• EXTRACTED INFORMATION
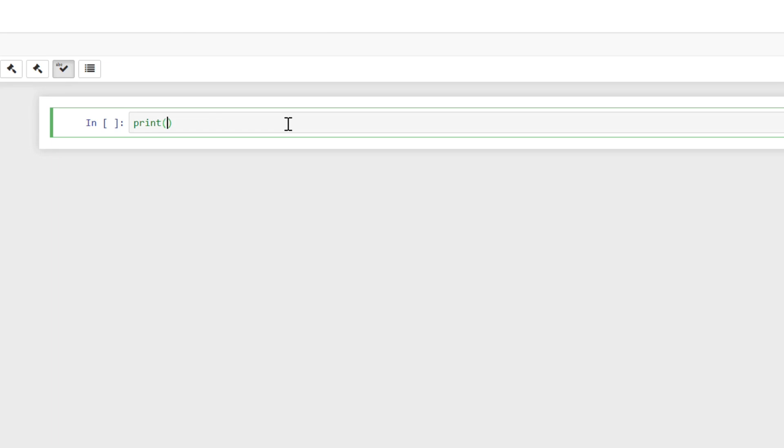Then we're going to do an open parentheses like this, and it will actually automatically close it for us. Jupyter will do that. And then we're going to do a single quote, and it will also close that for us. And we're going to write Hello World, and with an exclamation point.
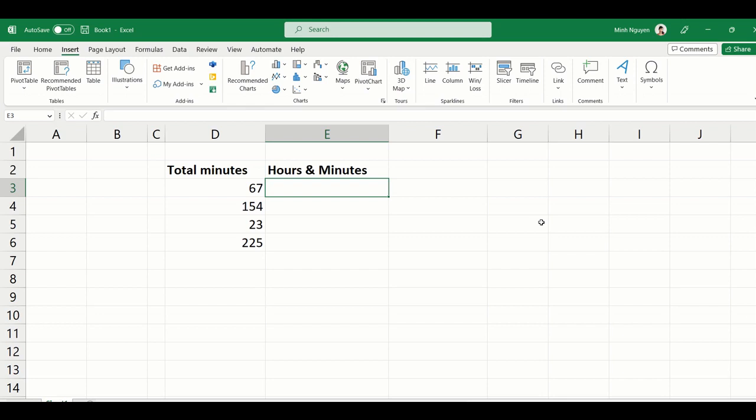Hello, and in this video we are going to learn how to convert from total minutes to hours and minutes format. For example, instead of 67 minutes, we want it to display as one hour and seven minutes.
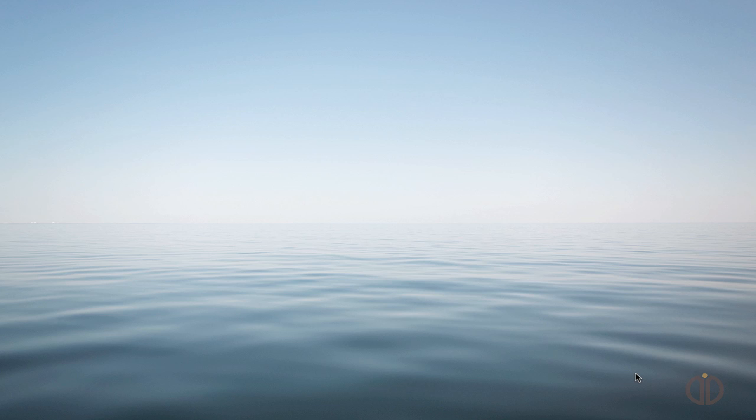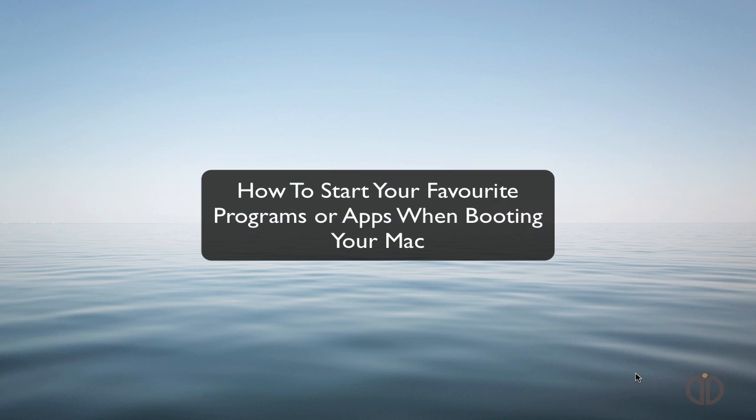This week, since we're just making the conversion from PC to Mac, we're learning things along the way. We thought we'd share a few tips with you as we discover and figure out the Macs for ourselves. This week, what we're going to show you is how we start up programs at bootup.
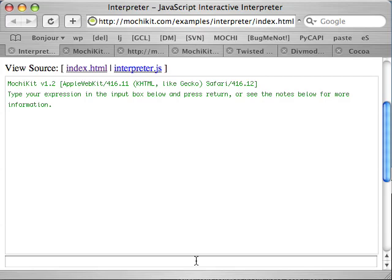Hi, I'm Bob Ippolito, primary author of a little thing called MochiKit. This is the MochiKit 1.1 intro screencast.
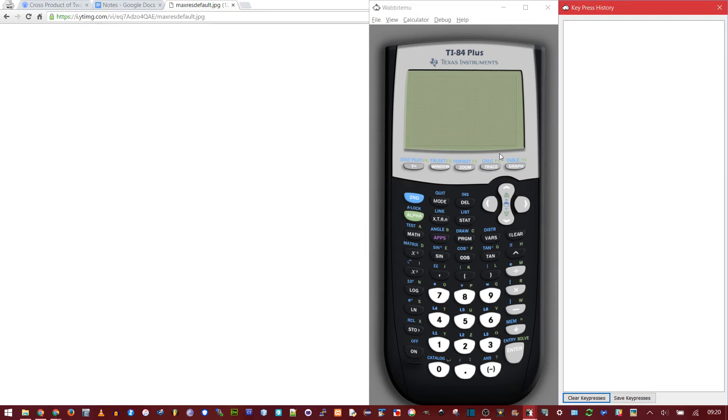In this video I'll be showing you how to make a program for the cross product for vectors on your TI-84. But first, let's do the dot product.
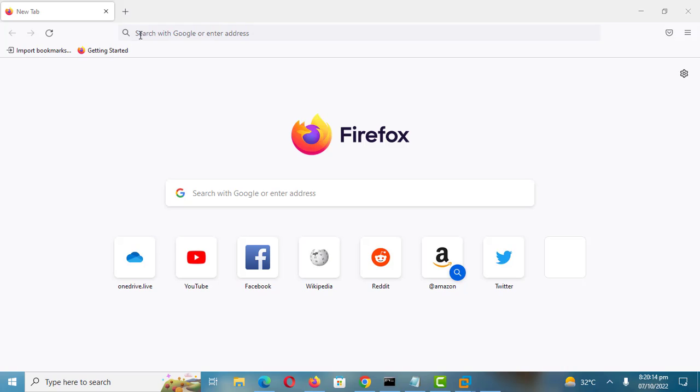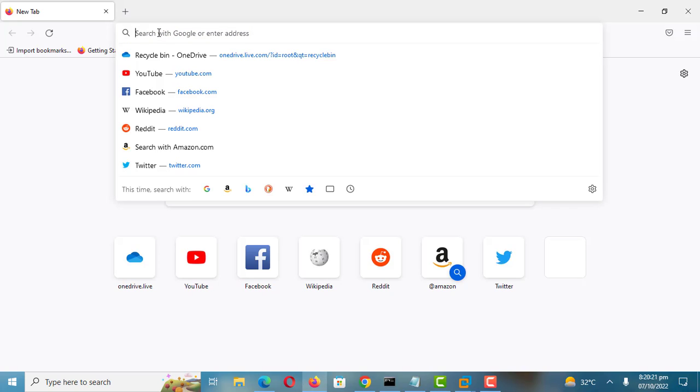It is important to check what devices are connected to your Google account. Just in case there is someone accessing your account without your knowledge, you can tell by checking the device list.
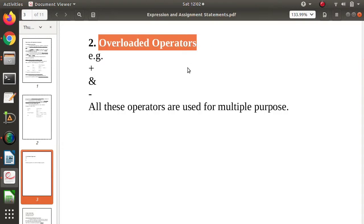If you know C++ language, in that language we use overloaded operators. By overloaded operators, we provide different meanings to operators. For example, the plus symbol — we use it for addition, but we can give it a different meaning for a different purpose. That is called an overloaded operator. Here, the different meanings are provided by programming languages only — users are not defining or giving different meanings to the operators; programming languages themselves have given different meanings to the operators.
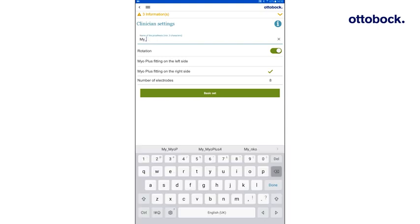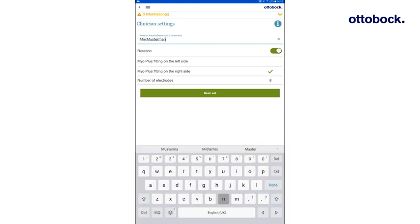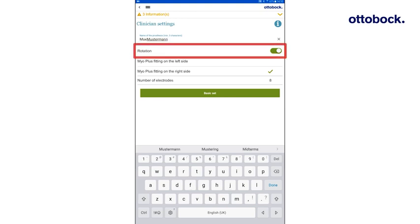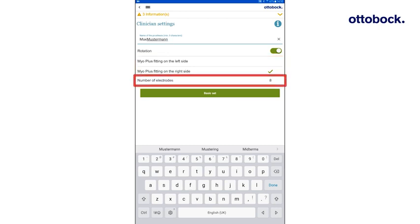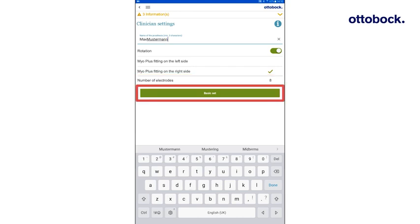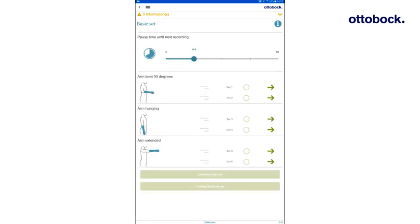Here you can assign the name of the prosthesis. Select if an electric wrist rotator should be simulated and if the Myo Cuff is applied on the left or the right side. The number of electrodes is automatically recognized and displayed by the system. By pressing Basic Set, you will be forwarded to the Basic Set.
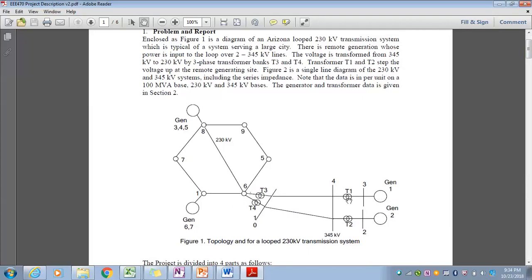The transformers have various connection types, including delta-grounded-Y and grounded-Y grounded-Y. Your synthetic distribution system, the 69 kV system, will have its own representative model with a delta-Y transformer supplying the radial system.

• ACTIVITY
The required output is every line from the one containing "In this video I'll" through the last line of the records, inclusive, reproduced exactly and without pictures.

• SOLUTION TO THIS EXERCISE
In this video I'll be showing you how to make a program for the cross product for vectors on your TI-84. But first, let's do the dot product.
It is important to check what devices are connected to your Google account. Just in case there is someone accessing your account without your knowledge, you can tell by checking the device list.
If you know C++ language, in that language we use overloaded operators. By overloaded operators, we provide different meanings to operators. For example, the plus symbol — we use it for addition, but we can give it a different meaning for a different purpose. That is called an overloaded operator. Here, the different meanings are provided by programming languages only — users are not defining or giving different meanings to the operators; programming languages themselves have given different meanings to the operators.
Here you can assign the name of the prosthesis. Select if an electric wrist rotator should be simulated and if the Myo Cuff is applied on the left or the right side. The number of electrodes is automatically recognized and displayed by the system. By pressing Basic Set, you will be forwarded to the Basic Set.
The transformers have various connection types, including delta-grounded-Y and grounded-Y grounded-Y. Your synthetic distribution system, the 69 kV system, will have its own representative model with a delta-Y transformer supplying the radial system.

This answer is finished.